Geralmente não tenho paciência para relembrar os filmes que me deixaram com vontade de trocar a cinefilia por outro hobby qualquer (jardinagem, por exemplo). Mas vi tanta coisa ruim durante o ano que fiquei verdadeiramente enfezadinho e resolvi partir para a vingança. Não me culpem – também sou humano.
Funcionou assim: entre os filmes que foram lançados nos cinemas brasileiros durante o ano, reuni todos aqueles que me irritaram (cerca de 80) e cheguei, depois de um processo penoso de seleção, aos 10+1 unlucky ones.
Os títulos que sobreviveram ao mata-mata (vaso ruim, como diria minha vó, não quebra) formam um ranking até bem diversificado, com comédias românticas made in Brasil, caça-níqueis sobre sexo sem amor, heróis esverdeados (a cor da náusea), um castor de pelúcia e (pobre dele) Nicolas Cage.

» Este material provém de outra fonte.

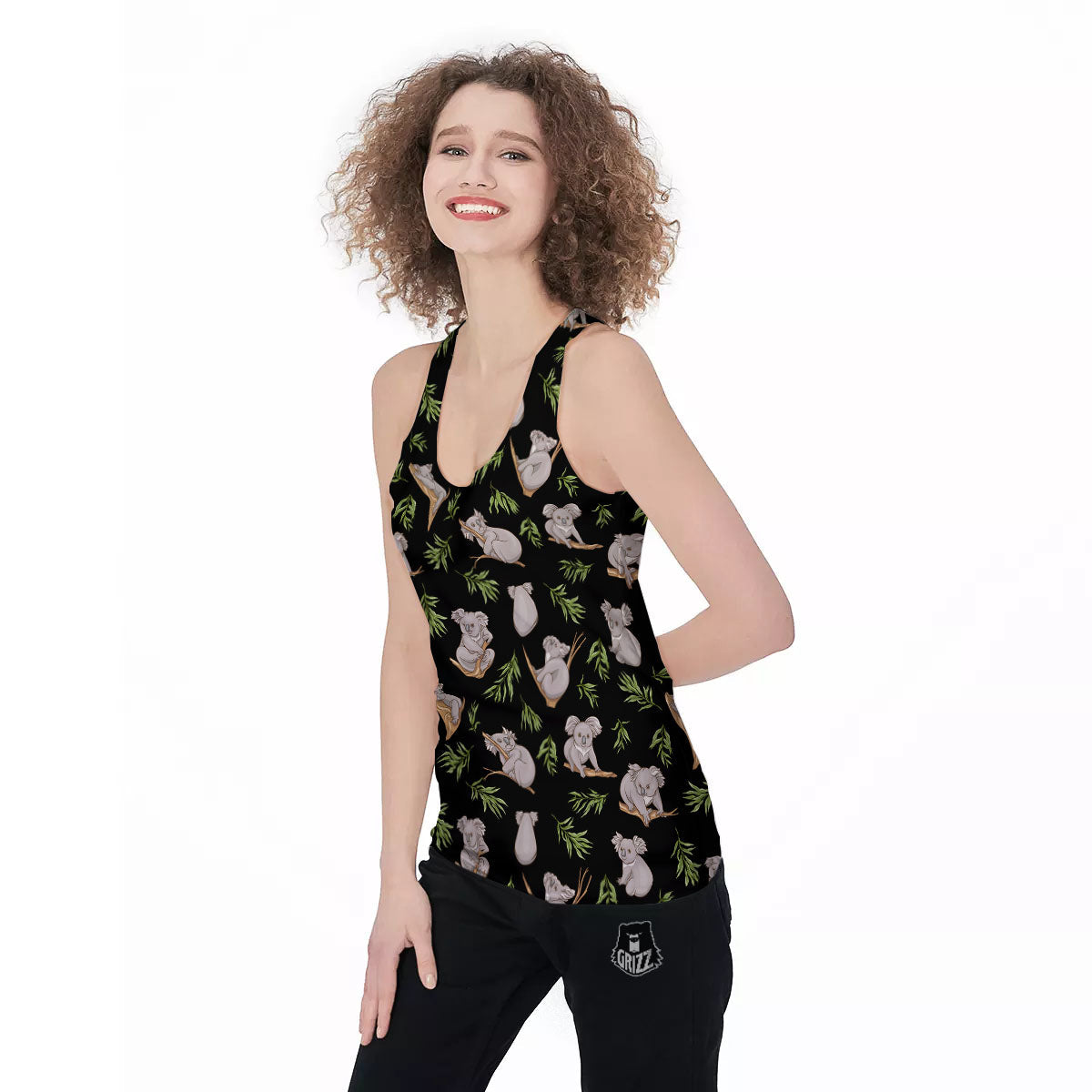 Koala Bear Black Print Pattern Women's Racerback Tank Top-grizzshop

A ideia não é escrever sobre os filmes superestimados que embrulham meu estômago (O Discurso do Rei), nem sobre os que me frustraram porque eu esperava muito deles (Inquietos), nem sobre aqueles que não dão conta de ambições celestiais (Árvore da Vida), mas apenas sobre os piores-piores-de-verdade, que ocupam as últimas posições na minha lista dos cerca de 230 filmes vistos deste janeiro deste ano.

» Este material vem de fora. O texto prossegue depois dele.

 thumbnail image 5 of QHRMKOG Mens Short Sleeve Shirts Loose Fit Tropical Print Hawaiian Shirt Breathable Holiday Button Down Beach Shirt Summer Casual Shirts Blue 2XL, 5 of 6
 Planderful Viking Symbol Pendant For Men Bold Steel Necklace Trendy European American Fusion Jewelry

Recomendo, por isso, que vocês não vejam estes filmes (este post é um serviço de utilidade pública). Ou que vejam por conta e risco. Ou que vejam pra dar umas risadas.
Antes, as menções horrorosas (em ordem alfabética; e não vejam estes também, por favor): Bruna Surfistinha, Burlesque, A Chave de Sarah, Cilada.com, Desenrola, A Garota da Capa Vermelha, Mamonas pra Sempre, O Turista.
10 Amizade Colorida | Friends with Benefits | Will Gluck
Sexo sem Compromisso | No Strings Attached | Ivan Reitman
Nosso ranking começa com duas comédias românticas sobre as coisas estranhas que acontecem quando as pessoas fazem sexo sem amor com um parceiro fixo (resposta: elas acabam se apaixonando). Os filmes não são exatamente idênticos – um tem Natalie Portman, o outro Mila Kunis -, mas não consigo me decidir sobre qual seria o menos sexy. Sexo sem compromisso tem Ashton Kutcher (nunca convincente no papel de Ashton Kutcher). E Amizade colorida tenta vender tantos produtos que saí do cinema com o desejo imenso de dar uma passadinha num free shop, antes de embarcar pra um planeta onde não fazem comédias, nem fitas românticas, nem mershandising da Apple, nem sexo sem amor com parceiros fixos.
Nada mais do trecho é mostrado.